The paracetamol was less than a pound, so I bought it with my own money, along with some toilet roll, a Pot Noodle, milk, and milk chocolate hobnobs. When I went out to give him his tablets and his weird money, the guy had vanished.
ASDA has a security guard. You know, because of all the thugs. He told me the old man had ridden away as soon as I'd gone inside. Fucking mad old coot!
***
***
I made my way home through the park. I didn't even think about going around, which is what I normally would have done. I didn't want to see those kids for a few days. I wanted them to forget we'd ever interacted.
But I was feeling a bit odd. Not sick or anything, just weird. Like my nerves were too long for my skin. My hands felt swollen and heavy. My throat was dry. Nothing serious. Just weird. Just a bit off.
Fortunately, the game was in full flow so the lads wouldn't have any need to harass me. I kept my head down as I went past. But then a movement 20 yards away caught my eye - a guy doing a dribble past his opponent. I couldn't help but look at it.
I threw my hands in front of my face and pushed myself backwards. I stumbled, and kept stumbling until my foot caught on a tree root. The kids laughed their heads off, but I remained still.

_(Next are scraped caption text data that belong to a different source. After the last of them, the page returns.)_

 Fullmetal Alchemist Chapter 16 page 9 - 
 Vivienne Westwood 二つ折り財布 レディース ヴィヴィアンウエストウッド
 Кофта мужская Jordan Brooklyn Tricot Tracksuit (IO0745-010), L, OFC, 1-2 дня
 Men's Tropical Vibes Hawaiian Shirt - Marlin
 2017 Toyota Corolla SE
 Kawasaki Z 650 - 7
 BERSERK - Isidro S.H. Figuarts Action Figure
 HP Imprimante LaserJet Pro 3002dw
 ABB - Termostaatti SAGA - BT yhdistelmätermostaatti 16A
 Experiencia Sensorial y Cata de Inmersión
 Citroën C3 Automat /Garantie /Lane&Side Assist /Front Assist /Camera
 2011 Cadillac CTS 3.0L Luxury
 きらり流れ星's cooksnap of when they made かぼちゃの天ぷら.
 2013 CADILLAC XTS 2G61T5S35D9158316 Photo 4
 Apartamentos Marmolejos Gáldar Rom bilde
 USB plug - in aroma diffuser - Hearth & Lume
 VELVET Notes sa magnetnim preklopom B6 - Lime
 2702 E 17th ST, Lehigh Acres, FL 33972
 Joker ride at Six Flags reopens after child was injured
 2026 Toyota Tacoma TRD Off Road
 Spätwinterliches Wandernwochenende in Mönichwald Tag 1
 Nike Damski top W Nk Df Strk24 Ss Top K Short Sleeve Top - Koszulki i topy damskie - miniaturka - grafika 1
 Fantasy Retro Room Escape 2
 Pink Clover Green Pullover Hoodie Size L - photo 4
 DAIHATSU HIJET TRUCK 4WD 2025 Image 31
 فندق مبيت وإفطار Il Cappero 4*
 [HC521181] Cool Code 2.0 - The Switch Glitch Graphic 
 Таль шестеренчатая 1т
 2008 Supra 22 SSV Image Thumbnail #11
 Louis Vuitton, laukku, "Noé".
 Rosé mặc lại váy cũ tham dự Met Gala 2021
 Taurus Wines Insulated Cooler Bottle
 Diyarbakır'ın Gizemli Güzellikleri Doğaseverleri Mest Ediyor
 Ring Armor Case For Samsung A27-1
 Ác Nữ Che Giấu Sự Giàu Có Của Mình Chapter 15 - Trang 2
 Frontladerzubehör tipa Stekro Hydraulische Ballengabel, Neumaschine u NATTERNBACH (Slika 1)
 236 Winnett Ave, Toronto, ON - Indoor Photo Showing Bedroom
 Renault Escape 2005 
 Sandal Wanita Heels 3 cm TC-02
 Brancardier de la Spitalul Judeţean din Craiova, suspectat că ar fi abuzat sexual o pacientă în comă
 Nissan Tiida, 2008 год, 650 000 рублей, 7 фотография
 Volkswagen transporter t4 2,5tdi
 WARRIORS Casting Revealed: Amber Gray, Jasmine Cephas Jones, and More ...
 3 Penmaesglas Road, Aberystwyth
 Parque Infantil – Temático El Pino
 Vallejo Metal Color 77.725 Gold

My breaths were coming thick and fast. I closed my eyes, counted to ten, and opened them again. When I looked at the tree, everything was normal. There was nothing wrong with my eyes. I turned, gingerly, to my left and saw a bin. All good. But when I lifted my head up and looked at the kids, it was still there.
Numbers.
I looked away - just a normal day in red-brick Manchester. I looked back at the kids.
Numbers.
Take the one nearest to me - still laughing, by the way. He was wearing a Man City kit, which marked him out as a grade A idiot of the highest order. But when I let my eyes settle on him, numbers appeared above his head. They were laid out like a database, though many of the cells were empty.